Speaking of which, an "ok" error is where the time stamp different is between less than or equal to 30 seconds.....

Tue 2010-06-01 22:01:32 ERROR [DataBufferSendService] 172.31.0.2:8016
and
Tue 2010-06-01 22:02:02 INFO [Client] 172.31.0.2:8016 connecting to 172.31.109.16 on port 8016

And a true error is if the time between them is greater than 30 seconds, then email that out. Hopefully that helps.

grail · 06-02-2010, 01:13 AM

Thanks, I think that is clearer, I just have one more question, is there potentially an unknown number of lines between the ERROR and INFO lines?

I ask as, assuming the number is unknown, it would then be necessary to identify the ERROR line (again I assume) by the IP:PORT grouping.

snozebtn · 06-02-2010, 02:14 AM

Yes that is correct...for example you have two ips that disconnect both displaying that error message, then you have the connect statement for both ips, so it looks like this in the logs....

Tue 2010-06-01 22:01:30 ERROR [DataBufferSendService] 172.31.0.1:8016
Tue 2010-06-01 22:01:32 ERROR [DataBufferSendService] 172.31.0.2:8016
Tue 2010-06-01 22:02:00 INFO [Client] 172.31.0.1:8016 connecting to 172.31.0.1 on port 8016
Tue 2010-06-01 22:02:02 INFO [Client] 172.31.0.2:8016 connecting to 172.31.0.2 on port 8016
Tue 2010-06-01 22:02:15 ERROR [DataBufferSendService] 172.31.0.1:8016
Tue 2010-06-01 22:02:17 ERROR [DataBufferSendService] 172.31.0.2:8016
Tue 2010-06-01 22:02:45 INFO [Client] 172.31.0.1:8016 connecting to 172.31.0.1 on port 8016
Tue 2010-06-01 22:02:47 INFO [Client] 172.31.0.2:8016 connecting to 172.31.0.2 on port 8016

And the pattern between the logs is disconnect 1 then 2, and then connect 1 then 2. As it is one line between the two associated IP:PORT.

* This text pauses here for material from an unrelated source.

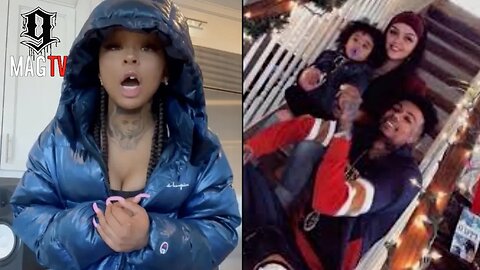 Chrisean Rock Goes Off On Her Brother While Blueface Spends Holiday Wit "BM" Jaidyn Alexis! 🤬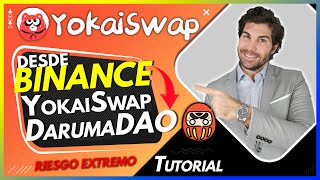 Cómo Hacer Staking en DarumaDAO y YokaiSwap  Tutorial CKB desde BINANCE [upl. by Cornelia]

tvynrylan · 06-02-2010, 07:37 AM

At the point at which you have multiple different IPs and ports, I'd move to a language such as Perl or Python which supports something approaching decent data structures. Perhaps something like the following:

Code:

#!/usr/bin/python

import datetime
import re
import sys

activity = {}
delay = datetime.timedelta(0,30) # sensitivity threshold: 30 seconds
pattern = re.compile("[0-9]+\\.[0-9]+\\.[0-9]+\\.[0-9]+")

for line in sys.stdin:
    # Get timestamp text
    tstamp = line[4:23]
    # Convert into usable data structure
    thisActivity = datetime.datetime.strptime(tstamp, '%Y-%m-%d %H:%M:%S')
    # Get activity IP address
    ip = pattern.search(line).group(0)
    # If we've seen it before, use the last known activity time; otherwise,
    # use the date 0001/01/01 to ensure that it gets seen.
    if ip in activity:
        lastActivity = activity[ip]
    else:
        lastActivity = datetime.datetime(datetime.MINYEAR, 1, 1)
    # Calculate time since last activity and print the line if more than our
    # threshold
    sinceActivity = thisActivity - lastActivity
    if sinceActivity > delay:
        sys.stdout.write(line)
    # Record this activity for the processing of future lines
    activity[ip] = thisActivity

This code does not handle the possibility of other lines between the relevant ones; I suggest you stream your log through egrep to match the lines you want before feeding it into this script. And for sake of documentation, I hereby release the above silly scrap code into the public domain. :-P

snozebtn · 06-04-2010, 11:59 AM

Unfortunately, I am not to familiar with python but thats not to much of a problem, give me a reason to learn it. But for the sake of this script, I think I will migrate it into perl since this does seem a super steep mountain to climb using BASH. Thanks for all the help, tvynrylan you code will be used to help me logic-out the perl.